◆ **ASSIGNMENT**
The answer must be an exact copy of the lines from the one containing "Chapmanville High School" through the end of the records, with the pictures left out.

◆ **TASK INPUTS**
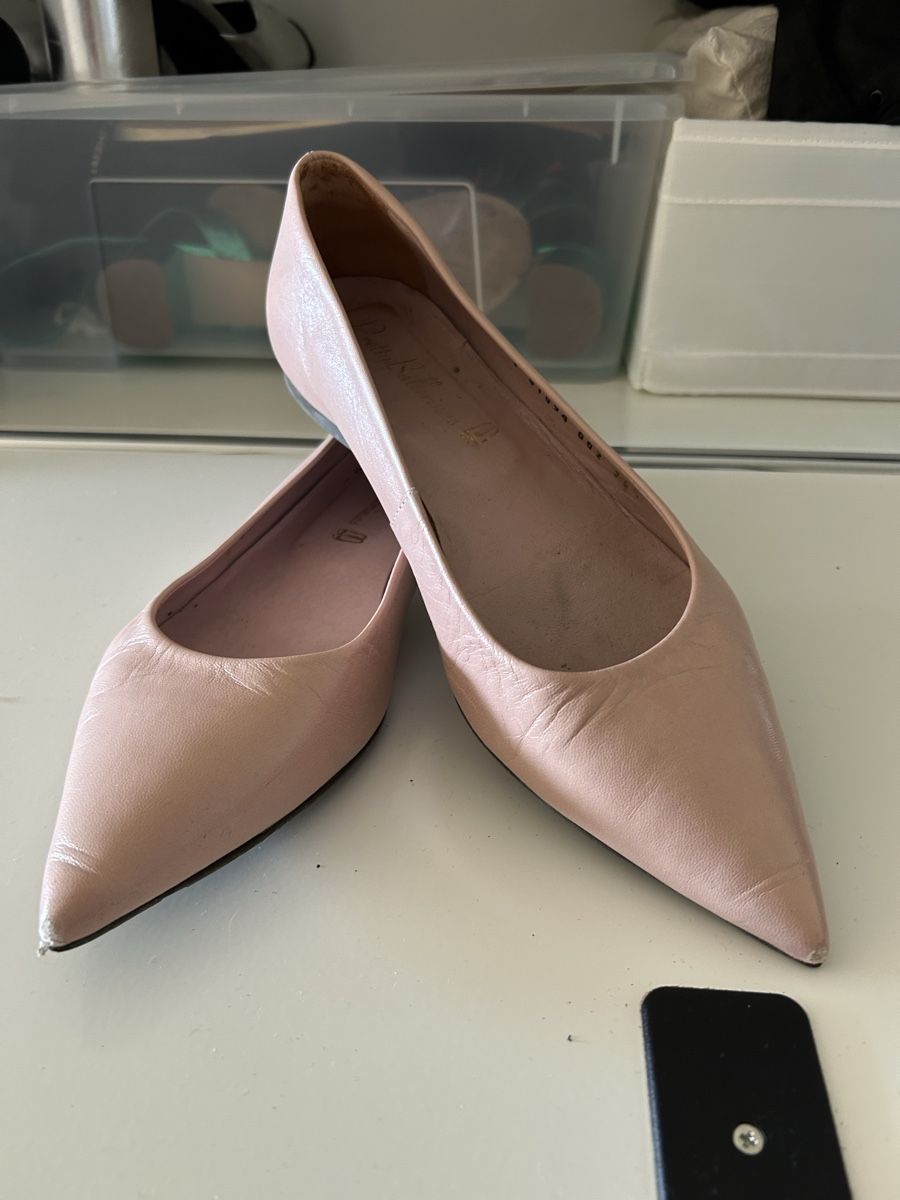 Damenschuhe: Pretty Ballerinas Lederschuhe Gr. 36.5 – Gebraucht aus Luzern von iri_5pg9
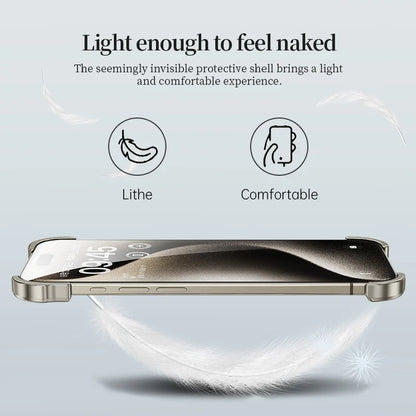 ALIENSHIELD – Titanium Alloy Bumper Case with Lens Protection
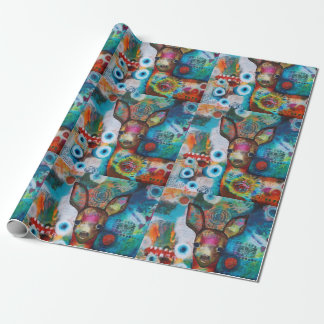 Regalo Mi papel de embalaje de los ciervos (mate)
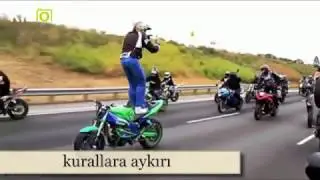 motosiklet kazaları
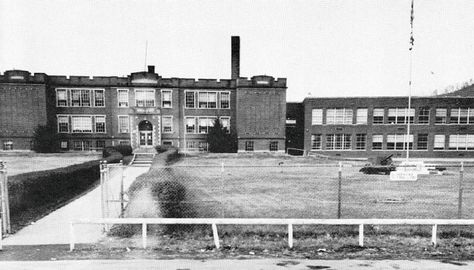 Chapmanville High School 1959 Logan County, Hawaiian Cruises, Battle Flag, Tintype Photos, Country Roads Take Me Home, Train Depot, Historic Home, Junior High, Take Me Home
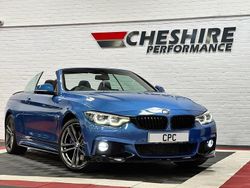 Blue Used 2017 BMW 435 M Sport Cabriolet | £16,990 (Fair price)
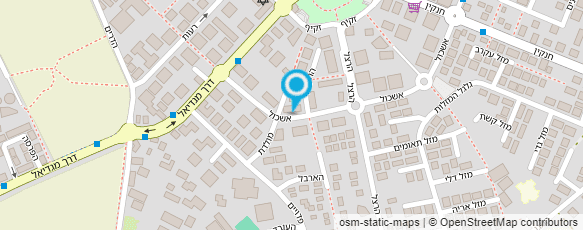 מפת הגעה אל חזי הטכנאי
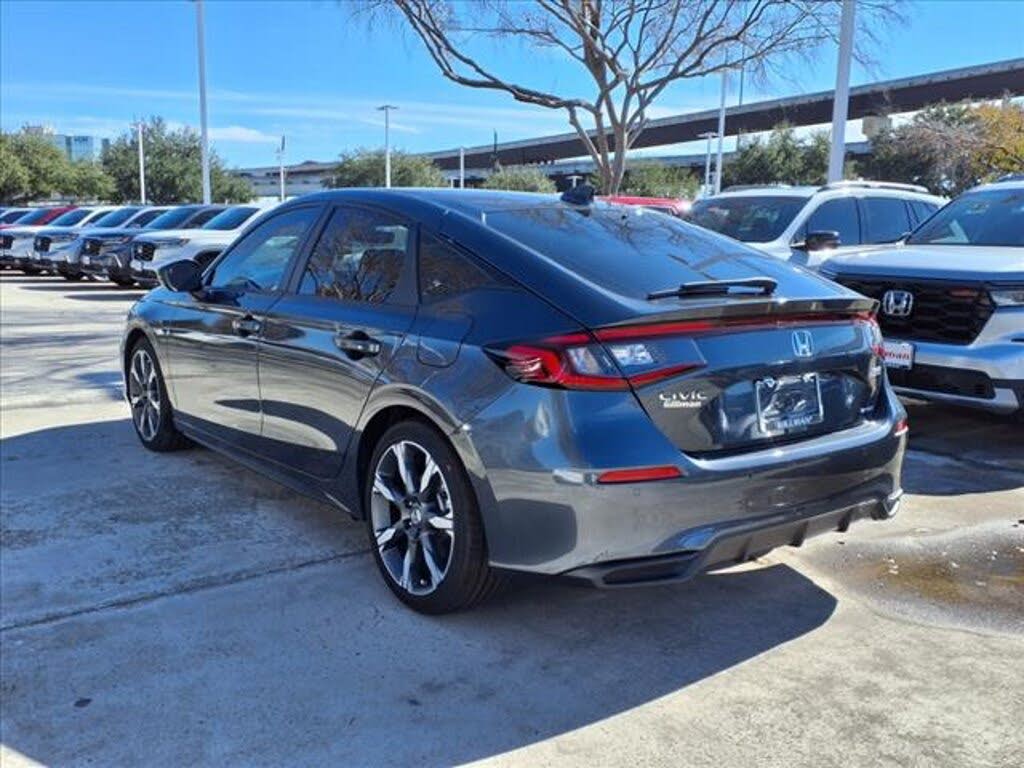 2026 Honda Civic Hybrid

◆ **ANSWER TO THIS PROBLEM**
 Chapmanville High School 1959 Logan County, Hawaiian Cruises, Battle Flag, Tintype Photos, Country Roads Take Me Home, Train Depot, Historic Home, Junior High, Take Me Home
 Blue Used 2017 BMW 435 M Sport Cabriolet | £16,990 (Fair price)
 מפת הגעה אל חזי הטכנאי
 2026 Honda Civic Hybrid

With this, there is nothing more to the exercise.